On reprochera précisément l’accumulation d’œuvres académiques du XIXe siècle, avec la multiplication de "Prix de Rome" plutôt de style pompier, et une scénographie cartésienne qui ne rend pas totalement justice à l’émotion et à la profondeur de l’œuvre d’Homère. Dans le genre, le British Museum avait su autrement nous transporter dans l’épopée assyrienne d’Ashurbanipal à travers une dramaturgie qui mêlait subtilement les outils technologiques et l’intelligence du travail scientifique.

Au demeurant, la richesse inouïe du propos devrait galvaniser le visiteur qui pourrait même éclater de rire en tombant sur les caricatures de Daumier. D’un rire homérique, bien sûr!

LaM - Villeneuve d'Ascq

EXPOSITION

"Alberto Giacometti, une aventure moderne"

Note: 5/5

Commissaires: Catherine Grenier, Sébastien Delot, Christian Alandete et Jeanne-Bathilde Lacourt

Jusqu’au 11/6: www.musee-lam.fr

 

Avec l’exposition "Giacometti, une aventure moderne", le LaM nous emmène à la rencontre de cet artiste mythique du XXe siècle. 150 chefs-d’œuvre qui retracent son parcours. Exceptionnel.

Divisée en 9 sections chronologiques mais aussi thématiques, l’exposition dévoile une œuvre dont toutes les facettes sont rarement présentées au grand public. Dès l’entrée, la pureté de la scénographie et la justesse de l’éclairage permettent aux œuvres de libérer toute leur force. Dès ses premières œuvres, datées des années 20, on est surpris par la construction géométrique des personnages de Giacometti, sculptés par le cubisme et les arts extra-occidentaux. Les objets surréalistes sont tout autant déroutants par leurs formes épurées et totalement abstraites, comme par exemple cette sculpture d’une sphère et d’une demi-lune en plâtre suspendues et intégrées dans un parallélépipède de métal peint.

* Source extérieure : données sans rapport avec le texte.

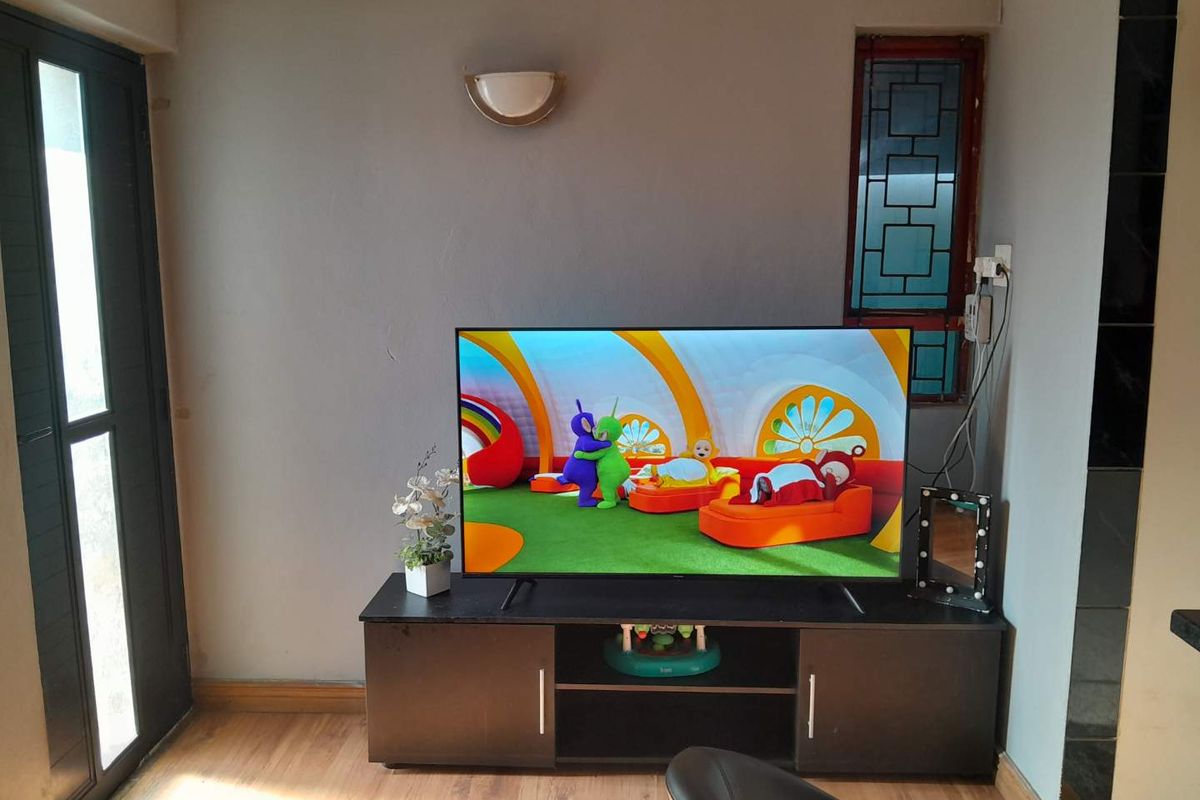 Beautiful face-brick 3-bedroom Home - Photo 4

©Succession Alberto Giacometti

Les sections suivantes témoignent de l’obsession qu’il aura toute sa vie pour la représentation de la figure humaine, et bizarrement du sentiment d’échec qu’il éprouve dans la pratique du portrait: "On commence par voir la personne qui pose mais, peu à peu, toutes les sculptures possibles s’interposent. Plus sa vision réelle disparaît, plus la tête devient inconnue. On n’est plus sûr ni de son apparence, ni de sa dimension, ni de rien du tout." Pour résoudre son incapacité à représenter le modèle tel qu’il le perçoit, Giacometti s’inspirera tout particulièrement du modèle égyptien. La manière tellement personnelle de travailler la matière donne l’impression qu’il laisse un fragment de son être collé à la surface de l’œuvre.

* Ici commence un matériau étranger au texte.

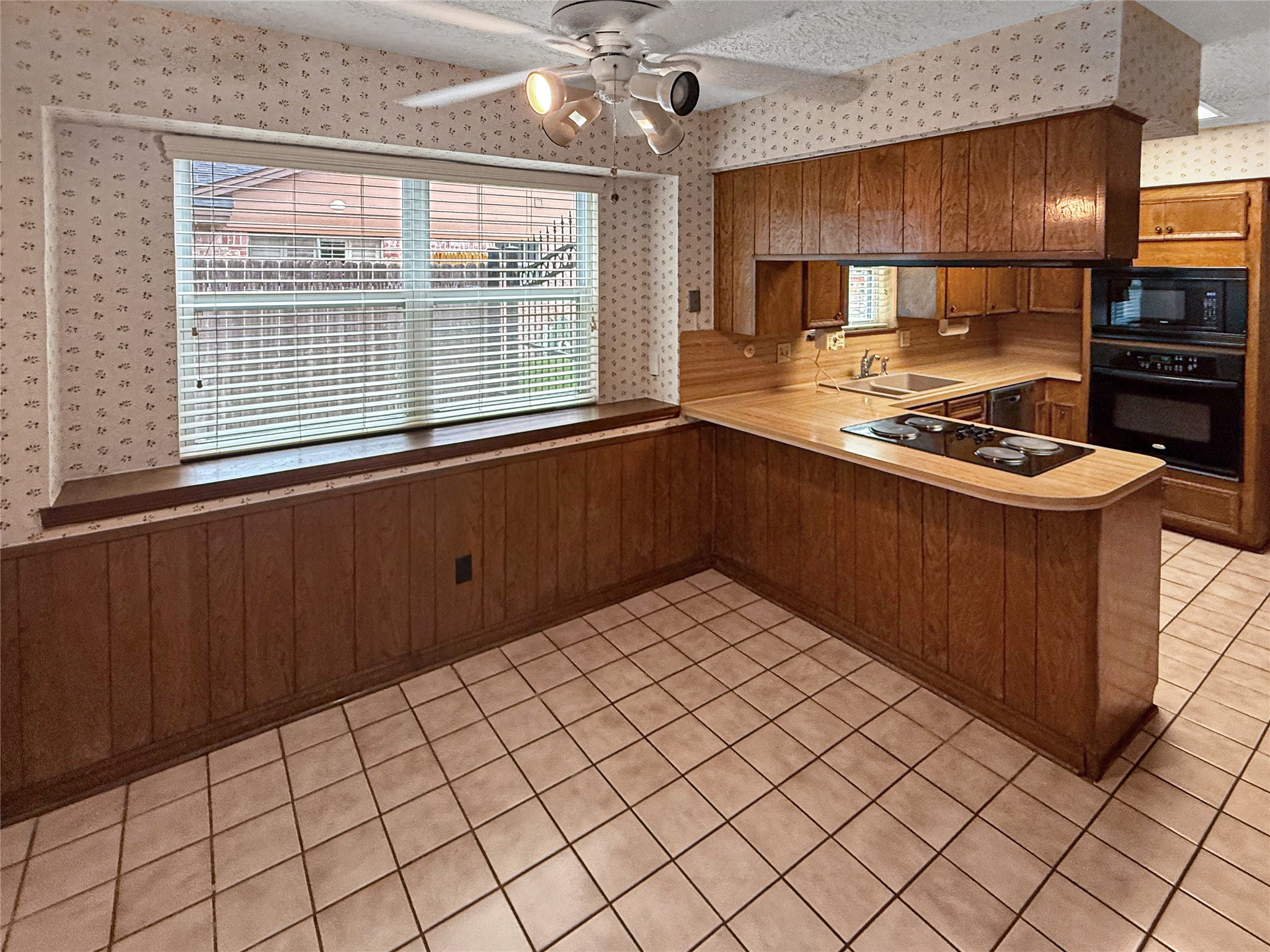 11639 Chuckson Drive Property Photo 38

Ces figures humaines sont définies ensuite dans l’espace, placées dans des cages ou sur des plateaux. Un moment fort de cette exposition est incontestablement "Les femmes de Venise", avec les 7 plâtres originaux restaurés que l’on avait pu déjà redécouvrir lors de l’inauguration de l’atelier de l’artiste, à Paris, en juin dernier, à l’initiative de la Fondation Giacometti (L’Echo du 25 juin 2018). Un ensemble exceptionnel présenté à la Biennale de 1956 et brièvement montré en 2017 à la Tate Modern. Le talent de l’artiste se révèle aussi à travers ses portraits et ses nus debout aux traits structurés et aux regards fixes.

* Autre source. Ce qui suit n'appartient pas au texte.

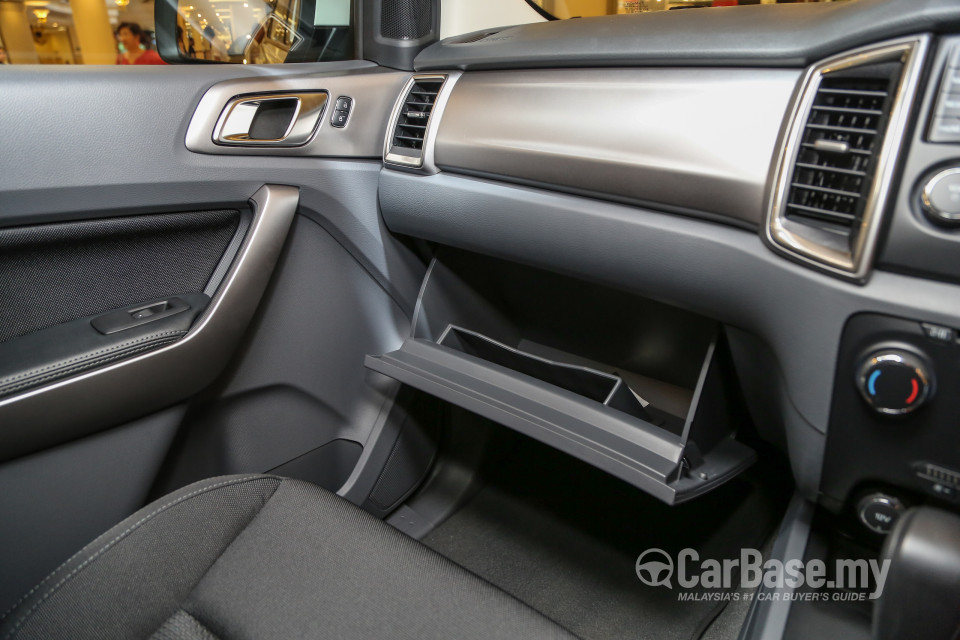 Ford Everest T6 (2016) Interior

Une exposition qui restitue avec intensité toutes les nuances et les vibrations du travail d’un grand artiste épris de liberté, et qui ne se laisse jamais enfermer dans un courant artistique, toujours en quête de son être et de son identité profonde.

La Piscine - Roubaix

Une plongée dans le temps

©AFP

Rouverte en octobre 2018 après deux années de travaux d’agrandissement, La Piscine reste un lieu hors du commun avec son bassin central entouré de sculptures, ses cabines réinvesties d’œuvres ou encore ses deux grandes rosaces en verre coloré. On apprécie le nouveau concept de micro-expositions, l’étonnante reconstitution à l’identique de l’atelier du sculpteur Henri Bouchard ou la quadruple exposition autour de l’Algérie. Pure coïncidence au moment même où la rue algérienne est en ébullition!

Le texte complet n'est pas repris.